Working as an independent contractor is an option for Board Certified ABA providers, only. Per federal regulations, RBT’s, student behavior technicians and behavior technicians must work as an employee, as they require supervision to conduct their job responsibilities.
Flexible Schedules & Responsibilities
- Working as an independent contractor (IC) means you are not an employee of the organization. IC’s are professionals who have the qualifications and trainings necessary to provide services on behalf of an organization of their choice, on an as-needed basis.
- IC’s primary obligations to the organization are to provide services that are in line with the organization’s practice guidelines, missions and values. IC’s have the flexibility to work within their personal availability, to be as involved they wish with additional organizational functions, and to contract their services with any organization they choose.
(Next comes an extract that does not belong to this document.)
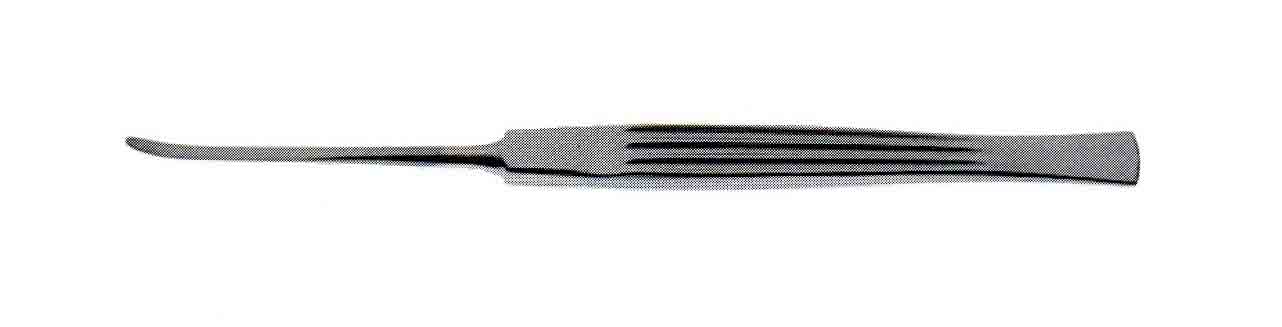 LEMMON DISSEKTOR 4MM 16,5CM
- IC’s weekly/monthly hours are dependent on the number of cases they agree to take on with the organization(s), and is reliant on the amount of work opportunities the organization(s) have to offer. More simply stated, the amount of hours IC’s work is not guaranteed by any organization, and may fluctuate over time.
- Independent contractors do not receive standard benefits from the organization(s) they contract with, as is characteristic of employees. As a result, IC’s typically receive higher hourly compensation, pay their own taxes, and manage their own benefits. This includes, but is not limited to, planning for vacations and time off, developing savings and retirement plans, and choosing personal health insurance plans.
- IC’s have a very large range of compensation opportunities, as they have the ability to work as much, or as little as possible. When IC’s work, they get paid; when they do not work, they do not get paid. Therefore, sound financial management is critical for IC’s, as there is no guarantee of work or consistent compensation.